Facebook CEO and all-around wunderkind Mark Zuckerberg can do a lot of things.
But Zuck can’t use the steel-cutting, 60,000 PSI waterjets in Area 404 — Facebook’s brand new, 22,000 square foot hardware laboratory — because he’s not one of the ten or so Facebook employees authorised to even get in the room with them, for safety reasons.
The big idea behind Area 404 is to provide one big space for all of the social network’s various teams, including the still-very-mysterious denizens of Building 8, to apply the “Move Fast and Break Things” philosophy to making real physical objects, not just software.
Rather than rely on outside contractors and far-off factories to build their stuff, with Area 404, Facebook now has the facilities, including those serious-business waterjets, to prototype and build that hardware in-house. Better yet, it’s tucked into a concrete-reinforced bunker nestled right in Facebook’s main Silicon Valley campus.
That’s important, as Facebook moves beyond its ongoing efforts to build better servers for itself and into making 3D virtual reality cameras, flying internet-laser drones, and the experimental Terragraph high-speed wireless internet system.
It also means that Area 404 is going to be the place where the first versions of Facebook’s coolest, craziest, and most world-changing inventions will be made. Once fully operational, the stuff that goes on in Area 404 will be above top secret.
Luckily for us, Facebook let us tour Area 404 ahead of its official grand opening. Here’s a look at the high-tech lab Facebook is using to design its engines of world domination.
Facebook's main business may be social networking space, but it's long since been designing custom hardware in-house. Since the early 2010's, Facebook has been designing its own custom servers just to keep up with demand...
More recently, Facebook has been working on projects like the Aquila drone, designed to shoot lasers that bring internet access to rural areas...
...and the Facebook Surround 360 camera, designed to shoot super-high-resolution video for virtual reality.
But with only 8,000 square feet of hardware space dispersed over the Facebook campus available to them, those teams simply couldn't find the space. And so, the new 22,000 square-foot facility, available to any Facebook team, was dubbed Area 404, in honour of the infamous HTTP 404 error for 'website not found.'
Much of Area 404 is office space, where designers and modelers use computer aided design, or CAD, tools to make 3D models of the parts and tools that they want to build. There's also a big electronics engineering area.
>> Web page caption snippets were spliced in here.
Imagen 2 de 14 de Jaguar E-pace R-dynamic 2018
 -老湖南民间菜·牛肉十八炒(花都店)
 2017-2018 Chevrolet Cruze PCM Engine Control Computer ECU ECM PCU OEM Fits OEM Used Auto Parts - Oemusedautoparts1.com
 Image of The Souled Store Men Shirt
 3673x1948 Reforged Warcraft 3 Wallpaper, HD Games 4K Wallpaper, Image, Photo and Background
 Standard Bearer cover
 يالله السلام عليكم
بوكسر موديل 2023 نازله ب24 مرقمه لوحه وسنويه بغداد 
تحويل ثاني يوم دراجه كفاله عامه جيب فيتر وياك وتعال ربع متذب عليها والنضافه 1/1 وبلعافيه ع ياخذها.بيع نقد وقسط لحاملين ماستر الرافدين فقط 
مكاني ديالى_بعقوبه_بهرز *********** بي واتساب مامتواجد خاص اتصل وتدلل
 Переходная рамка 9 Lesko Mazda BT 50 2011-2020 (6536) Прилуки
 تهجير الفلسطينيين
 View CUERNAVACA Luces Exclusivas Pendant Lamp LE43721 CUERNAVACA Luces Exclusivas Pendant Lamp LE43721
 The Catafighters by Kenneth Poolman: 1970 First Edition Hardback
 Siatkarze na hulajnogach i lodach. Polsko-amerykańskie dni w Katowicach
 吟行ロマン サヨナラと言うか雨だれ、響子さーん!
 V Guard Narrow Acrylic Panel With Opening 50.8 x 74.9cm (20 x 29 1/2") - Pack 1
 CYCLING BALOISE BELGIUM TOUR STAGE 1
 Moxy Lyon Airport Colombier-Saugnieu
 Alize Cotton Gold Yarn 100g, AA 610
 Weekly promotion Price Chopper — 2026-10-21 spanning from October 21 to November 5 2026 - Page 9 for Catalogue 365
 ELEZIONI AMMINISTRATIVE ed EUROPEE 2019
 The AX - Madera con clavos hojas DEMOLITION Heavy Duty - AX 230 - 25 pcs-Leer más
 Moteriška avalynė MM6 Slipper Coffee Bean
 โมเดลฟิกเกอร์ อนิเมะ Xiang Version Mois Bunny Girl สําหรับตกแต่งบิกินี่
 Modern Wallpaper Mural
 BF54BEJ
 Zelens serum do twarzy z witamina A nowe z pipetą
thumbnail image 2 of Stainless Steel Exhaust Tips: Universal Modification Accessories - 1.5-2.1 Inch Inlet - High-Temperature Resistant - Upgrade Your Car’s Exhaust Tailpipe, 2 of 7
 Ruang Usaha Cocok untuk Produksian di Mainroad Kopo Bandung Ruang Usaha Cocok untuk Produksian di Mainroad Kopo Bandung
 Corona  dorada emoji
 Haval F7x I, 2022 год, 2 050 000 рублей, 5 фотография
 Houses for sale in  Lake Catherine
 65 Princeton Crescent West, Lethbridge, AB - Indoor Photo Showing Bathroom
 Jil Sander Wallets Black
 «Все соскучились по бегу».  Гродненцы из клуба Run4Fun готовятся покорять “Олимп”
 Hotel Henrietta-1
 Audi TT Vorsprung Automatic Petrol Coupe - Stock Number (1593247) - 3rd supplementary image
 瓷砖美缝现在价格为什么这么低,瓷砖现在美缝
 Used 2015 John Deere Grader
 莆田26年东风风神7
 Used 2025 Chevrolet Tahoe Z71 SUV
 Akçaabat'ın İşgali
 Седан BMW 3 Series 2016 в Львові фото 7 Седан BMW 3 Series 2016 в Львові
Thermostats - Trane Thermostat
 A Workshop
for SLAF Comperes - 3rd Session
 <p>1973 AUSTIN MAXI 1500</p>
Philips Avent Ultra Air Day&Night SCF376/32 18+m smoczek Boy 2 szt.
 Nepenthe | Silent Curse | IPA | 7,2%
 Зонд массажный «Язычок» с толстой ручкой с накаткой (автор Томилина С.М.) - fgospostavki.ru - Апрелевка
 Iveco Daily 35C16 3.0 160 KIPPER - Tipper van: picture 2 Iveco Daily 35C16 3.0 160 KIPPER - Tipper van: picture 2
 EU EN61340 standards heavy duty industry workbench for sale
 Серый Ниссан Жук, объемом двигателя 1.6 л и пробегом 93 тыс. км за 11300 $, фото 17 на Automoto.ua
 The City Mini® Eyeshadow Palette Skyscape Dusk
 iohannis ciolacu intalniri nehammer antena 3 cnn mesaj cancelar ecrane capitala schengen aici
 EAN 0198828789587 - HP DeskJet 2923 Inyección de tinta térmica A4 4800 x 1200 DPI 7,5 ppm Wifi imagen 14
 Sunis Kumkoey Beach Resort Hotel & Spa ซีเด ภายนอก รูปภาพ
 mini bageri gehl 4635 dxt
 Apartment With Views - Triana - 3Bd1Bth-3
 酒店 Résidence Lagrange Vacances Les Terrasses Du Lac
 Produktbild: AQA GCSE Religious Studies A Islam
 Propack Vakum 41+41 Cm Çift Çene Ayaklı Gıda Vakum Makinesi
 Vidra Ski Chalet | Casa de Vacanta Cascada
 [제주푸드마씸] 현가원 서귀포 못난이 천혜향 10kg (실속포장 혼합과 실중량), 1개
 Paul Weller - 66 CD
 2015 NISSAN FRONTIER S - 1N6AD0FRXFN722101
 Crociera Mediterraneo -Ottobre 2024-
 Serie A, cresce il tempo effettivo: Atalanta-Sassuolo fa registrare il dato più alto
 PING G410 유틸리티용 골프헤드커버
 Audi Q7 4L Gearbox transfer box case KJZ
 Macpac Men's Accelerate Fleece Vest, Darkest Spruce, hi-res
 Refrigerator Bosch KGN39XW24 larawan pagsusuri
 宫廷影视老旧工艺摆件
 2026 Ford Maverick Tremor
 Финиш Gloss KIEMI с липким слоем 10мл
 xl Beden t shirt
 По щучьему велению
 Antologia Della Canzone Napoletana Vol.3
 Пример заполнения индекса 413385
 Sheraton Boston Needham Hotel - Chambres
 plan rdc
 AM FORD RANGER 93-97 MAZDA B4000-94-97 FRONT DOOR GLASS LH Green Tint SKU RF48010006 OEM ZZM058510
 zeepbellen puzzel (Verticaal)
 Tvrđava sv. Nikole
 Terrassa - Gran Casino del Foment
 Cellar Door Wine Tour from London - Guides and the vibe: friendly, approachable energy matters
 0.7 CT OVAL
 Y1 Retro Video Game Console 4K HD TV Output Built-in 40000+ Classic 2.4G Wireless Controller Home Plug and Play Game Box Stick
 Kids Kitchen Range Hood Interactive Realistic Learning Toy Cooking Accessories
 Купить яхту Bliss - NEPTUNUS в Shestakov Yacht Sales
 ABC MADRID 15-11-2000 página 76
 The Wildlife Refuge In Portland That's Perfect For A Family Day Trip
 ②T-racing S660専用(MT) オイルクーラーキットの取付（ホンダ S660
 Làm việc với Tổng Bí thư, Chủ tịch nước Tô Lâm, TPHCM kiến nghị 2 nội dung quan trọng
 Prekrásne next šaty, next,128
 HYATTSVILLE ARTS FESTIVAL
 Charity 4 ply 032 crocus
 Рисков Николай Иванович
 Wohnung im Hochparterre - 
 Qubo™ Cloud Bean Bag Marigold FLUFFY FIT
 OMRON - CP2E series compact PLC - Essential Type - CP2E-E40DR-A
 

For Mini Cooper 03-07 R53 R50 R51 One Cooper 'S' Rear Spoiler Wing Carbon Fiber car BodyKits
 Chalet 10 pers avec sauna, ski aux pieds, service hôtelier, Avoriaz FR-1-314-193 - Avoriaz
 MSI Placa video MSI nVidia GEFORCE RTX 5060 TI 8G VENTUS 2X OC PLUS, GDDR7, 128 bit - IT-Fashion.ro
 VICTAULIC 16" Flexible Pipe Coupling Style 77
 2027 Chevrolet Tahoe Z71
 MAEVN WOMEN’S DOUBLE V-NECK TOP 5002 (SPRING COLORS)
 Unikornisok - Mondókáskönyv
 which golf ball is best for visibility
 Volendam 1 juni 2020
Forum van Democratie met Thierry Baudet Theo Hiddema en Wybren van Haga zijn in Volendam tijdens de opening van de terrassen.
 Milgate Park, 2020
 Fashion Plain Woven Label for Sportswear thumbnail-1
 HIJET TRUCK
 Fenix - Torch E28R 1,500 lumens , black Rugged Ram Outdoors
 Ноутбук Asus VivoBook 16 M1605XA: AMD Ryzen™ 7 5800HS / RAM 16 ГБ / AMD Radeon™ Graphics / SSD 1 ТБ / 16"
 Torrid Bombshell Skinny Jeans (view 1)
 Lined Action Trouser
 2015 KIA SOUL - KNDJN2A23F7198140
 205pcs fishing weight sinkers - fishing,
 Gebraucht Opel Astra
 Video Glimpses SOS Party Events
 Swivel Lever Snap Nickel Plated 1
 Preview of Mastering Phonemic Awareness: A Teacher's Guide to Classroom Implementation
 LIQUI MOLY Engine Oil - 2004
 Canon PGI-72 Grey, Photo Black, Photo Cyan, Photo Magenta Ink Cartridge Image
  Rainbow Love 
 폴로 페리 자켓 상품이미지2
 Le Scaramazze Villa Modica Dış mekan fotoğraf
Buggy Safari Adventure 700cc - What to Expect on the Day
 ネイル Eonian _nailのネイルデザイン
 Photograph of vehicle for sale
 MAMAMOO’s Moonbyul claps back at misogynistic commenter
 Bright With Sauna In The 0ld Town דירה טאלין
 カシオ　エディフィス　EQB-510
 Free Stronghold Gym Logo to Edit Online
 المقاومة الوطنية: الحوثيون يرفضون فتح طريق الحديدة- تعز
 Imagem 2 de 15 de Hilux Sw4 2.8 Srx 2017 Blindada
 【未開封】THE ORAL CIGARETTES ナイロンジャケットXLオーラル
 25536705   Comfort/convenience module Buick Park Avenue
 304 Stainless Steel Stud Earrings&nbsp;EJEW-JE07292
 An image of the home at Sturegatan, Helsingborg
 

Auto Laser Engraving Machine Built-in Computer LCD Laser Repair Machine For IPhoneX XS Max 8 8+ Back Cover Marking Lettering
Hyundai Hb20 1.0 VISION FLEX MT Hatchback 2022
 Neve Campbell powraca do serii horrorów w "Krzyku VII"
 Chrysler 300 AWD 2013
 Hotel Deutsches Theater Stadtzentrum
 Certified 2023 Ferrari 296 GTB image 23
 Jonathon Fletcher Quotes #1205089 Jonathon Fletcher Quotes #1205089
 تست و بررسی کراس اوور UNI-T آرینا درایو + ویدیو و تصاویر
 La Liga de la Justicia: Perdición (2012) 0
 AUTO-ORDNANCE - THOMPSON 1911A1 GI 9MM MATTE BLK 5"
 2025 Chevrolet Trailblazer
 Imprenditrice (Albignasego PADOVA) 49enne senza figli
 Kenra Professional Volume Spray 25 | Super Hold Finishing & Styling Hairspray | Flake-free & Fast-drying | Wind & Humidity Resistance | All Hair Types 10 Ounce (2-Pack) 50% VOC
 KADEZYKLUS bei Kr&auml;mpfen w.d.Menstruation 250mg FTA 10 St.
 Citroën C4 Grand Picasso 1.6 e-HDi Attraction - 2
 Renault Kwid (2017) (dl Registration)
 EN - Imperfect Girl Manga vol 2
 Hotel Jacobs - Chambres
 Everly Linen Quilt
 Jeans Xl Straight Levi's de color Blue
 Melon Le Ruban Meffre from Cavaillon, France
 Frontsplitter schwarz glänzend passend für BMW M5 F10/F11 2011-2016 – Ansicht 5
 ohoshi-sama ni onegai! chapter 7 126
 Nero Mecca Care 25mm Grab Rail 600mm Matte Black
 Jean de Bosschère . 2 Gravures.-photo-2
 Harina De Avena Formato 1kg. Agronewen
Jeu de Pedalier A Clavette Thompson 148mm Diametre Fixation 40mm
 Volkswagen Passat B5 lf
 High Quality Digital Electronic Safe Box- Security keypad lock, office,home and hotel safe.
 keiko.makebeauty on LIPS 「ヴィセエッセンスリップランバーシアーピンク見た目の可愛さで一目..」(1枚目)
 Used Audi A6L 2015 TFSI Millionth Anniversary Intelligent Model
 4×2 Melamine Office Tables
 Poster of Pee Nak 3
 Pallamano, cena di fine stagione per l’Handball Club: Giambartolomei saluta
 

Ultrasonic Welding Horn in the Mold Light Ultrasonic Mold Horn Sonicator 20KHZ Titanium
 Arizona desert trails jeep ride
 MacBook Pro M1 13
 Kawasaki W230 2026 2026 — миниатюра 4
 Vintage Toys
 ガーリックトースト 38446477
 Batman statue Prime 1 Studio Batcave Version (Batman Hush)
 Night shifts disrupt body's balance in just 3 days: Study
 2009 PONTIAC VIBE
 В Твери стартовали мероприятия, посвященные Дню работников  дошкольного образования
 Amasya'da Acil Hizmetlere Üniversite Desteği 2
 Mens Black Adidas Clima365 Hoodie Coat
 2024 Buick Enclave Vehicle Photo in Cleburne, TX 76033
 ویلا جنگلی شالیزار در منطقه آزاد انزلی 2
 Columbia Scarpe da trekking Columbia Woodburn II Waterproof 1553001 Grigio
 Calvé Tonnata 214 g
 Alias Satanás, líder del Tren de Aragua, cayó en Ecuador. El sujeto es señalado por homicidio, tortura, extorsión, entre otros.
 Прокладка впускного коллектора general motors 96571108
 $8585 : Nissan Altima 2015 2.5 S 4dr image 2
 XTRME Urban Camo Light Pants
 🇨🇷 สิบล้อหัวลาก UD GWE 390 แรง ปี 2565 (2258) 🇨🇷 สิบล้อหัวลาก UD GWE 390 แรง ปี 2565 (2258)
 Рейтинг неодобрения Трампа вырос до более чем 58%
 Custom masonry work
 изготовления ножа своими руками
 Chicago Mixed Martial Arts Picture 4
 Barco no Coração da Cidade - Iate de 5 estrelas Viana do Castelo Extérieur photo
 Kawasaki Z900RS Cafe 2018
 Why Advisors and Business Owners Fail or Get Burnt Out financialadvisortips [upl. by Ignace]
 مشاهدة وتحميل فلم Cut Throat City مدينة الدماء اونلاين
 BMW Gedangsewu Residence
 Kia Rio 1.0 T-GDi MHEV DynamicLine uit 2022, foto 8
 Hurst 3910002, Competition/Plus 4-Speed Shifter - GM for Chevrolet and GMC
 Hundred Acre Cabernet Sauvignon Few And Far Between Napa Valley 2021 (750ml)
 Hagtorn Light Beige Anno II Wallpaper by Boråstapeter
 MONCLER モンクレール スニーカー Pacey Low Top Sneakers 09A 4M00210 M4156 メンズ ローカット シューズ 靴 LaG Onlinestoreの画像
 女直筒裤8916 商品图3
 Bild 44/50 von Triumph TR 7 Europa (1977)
Area 404 is also home to this RF isolation chamber, which blocks out all radio signals. That's handy if you're trying to fine-tune cellular modems or any kind of wireless signal without outside interference.
Area 404 is home to all kinds of nifty lab equipment. This CT scanner basically takes a series of X-Rays, so you can see inside anything. Note the sticker about it being a device for doing alien autopsies. It's joking. I think.
The same room hosts Facebook's electron microscope, which bombards samples with electrons to get visibility at a molecular level.
'Not only is this space good for new things,' explains Facebook Engineering and Infrastructure head Jay Parikh, 'as we continue to experiment and try things out we need to be ready for our failures too.' Which is to say if, for example, a Facebook-designed experimental prototype motherboard totally burns out, they can use the CT scanner and microscope to figure out what happened, without having to wait for an outside lab to get back to them with an analysis.
But the office space and the lab equipment is only part of the story. Much of Area 404 is so heavy-duty, you need to wear protective eyewear while you're present.
In this shop, Facebook engineers who pass a certification program are allowed to work on their own prototypes, in their own time. For hardware engineers, it gives them the freedom to make the exact thing they need, on their own schedule.
The yellow tape is to indicate the safe distance to stand back if you're not using a machine.